Clare Sinn Féin is running four candidates for six seats.


With Pearse Doherty running for the European elections on their doorstep, Donegal Sinn Féin believe that the profile of their local elections candidates has been raised considerably. The party is running ten candidates for eleven seats, with the youngest candidate — Donal Cullen — just 23 years of age.

"Lack of infrastructure is a massive problem in Donegal, but this is outstripped by unemployment," Pádraig Mac Lochlainn, who is running in Inishowen and Buncrana, told us. "The county has the highest unemployment statistics of the 26 Counties and lack of investment means this figure is growing."

Doing the double

Voters in the West of Ireland have the opportunity to make history in the local elections by selecting Sinn Féin twins Noel and Conan Campbell to represent them as councillors in Mayo and Galway. The 26-year-old twins are running in Castlebar and Galway, respectively.

From Castlebar originally, the twins have been involved in Sinn Féin since they set up a cumann in UCG almost seven years ago.

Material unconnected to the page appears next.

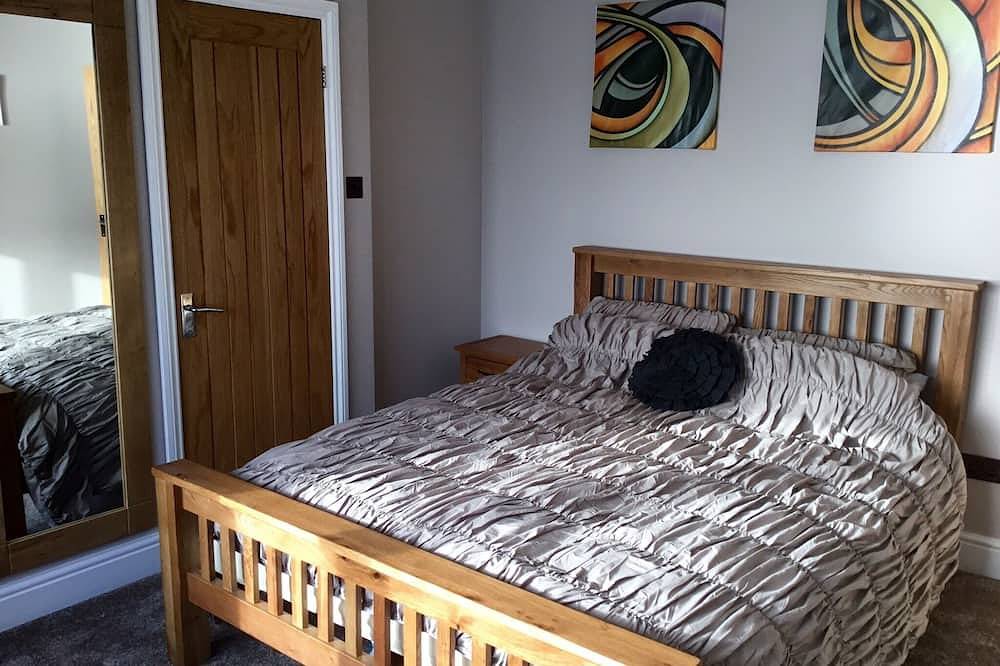 Endless Ocean Views, Charming Coastal Vibes, Indoor Pool Perfection — Book Now in Dawlish, Devon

Although not identical in looks, the brothers certainly share identical politics. Speaking to An Phoblacht, Noel said that he reckoned their chances of "doing the double" were pretty good. "I'm almost sure that we are the only twins running for election throughout Ireland in this election, and possibly ever," he said.

"We haven't been running our campaigns together, because we are based in different counties, so not many people know that there are twins up for election. But we have attended each other's functions, and the reaction to both our campaigns has been excellent. I think we have a real chance of doing the double."